Note that events are specific to the calendar on which they were created. So just because you created a community calendar and made it visible to everybody in your workgroup, and created an event on it, and made sure that the event is visible to your workgroup, doesn't mean that the event will be visible on any calendar that they can see — it will only show on that one calendar.
 
To create a community calendar:
  1. Navigate to the desired location of the new community calendar.
  2. Click the Action Menu icon (), and select the New Inside option ().
  3. Assign a title.
  4. Click Submit.
  5. Click the Action Menu icon (), and next to the Metadata option (), click edit.
  6. In the Data Type section, select CAL (near the end of the list of data types).
  7. In the Rights section,
    1. grant creator rights to anybody who needs to be able to alter the rights of the calendar page,
    2. grant editor rights to the people who should be able to create events, and
    3. grant reader rights to everybody else in your community.
  8. Click Submit.
Once the calendar has been created, anybody with editor rights can create events. Community events are similar to Personal Events, but with a few additional options.
 
First, you can designate who is going to be involved in the event, and roughly their degree of involvement.
 
Organizers These are the people who organized the event, and who would be the ones to contact about how the event should be conducted.
Participants These people will be participating in the event (and who might need to prepare).
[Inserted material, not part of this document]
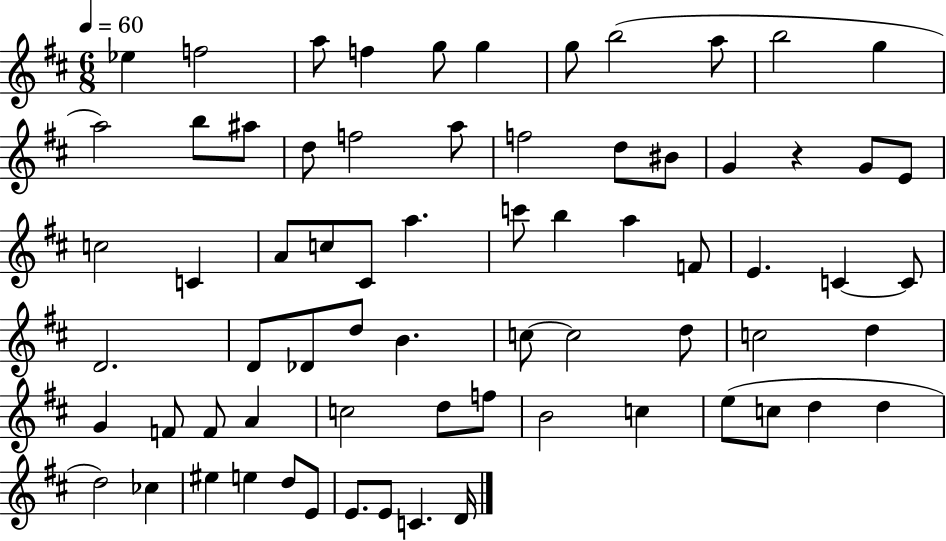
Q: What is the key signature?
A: D major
Observers These people don't need to prepare for the event, but are invited to attend.
 
Once you've picked the day of the event, and selected the people who will attend, you can click the Check Availability button, to see if there are schedule conflicts.
 
You can check the send invitations box to issue a private message to all of the organizers, participants, and observers. The PM will contain a link that they can click, to create a similar event on their personal calendars, in case the time spent has to be tracked, and/or if you want to be able to tell who added the event to their personal schedules (i.e., "accepted" the invitation). For that to work, the community event has to be assigned to a project. Any personal events created from the invitation PM will go into the specified project by default, and therefore, those personal events will show up in the project reports. And if people are added or removed from the organizers/participants/observers lists, after the first invitation has already been sent out, you can opt to send invitations just to the people who are affected.
 
Note that while community events can be assigned to projects, the community events themselves do not contribute to tallies of time spent for each individual invited to the event. Some of the people won't show up, and some of them will arrive earlier or later, and/or leave earlier or later. To get an accurate count of the amount of time spent by each individual on the event, each individual has to create a personal event, and adjust the time according to what actually happened. Those events will get tallied in the project reports. To make this easier, you can send an invitation to the community event. When people accept the invitation, corresponding events will be created on their personal calendars. They can then adjust the start/stop times to reflect what actually happened, and those individual events will appear in the project summaries.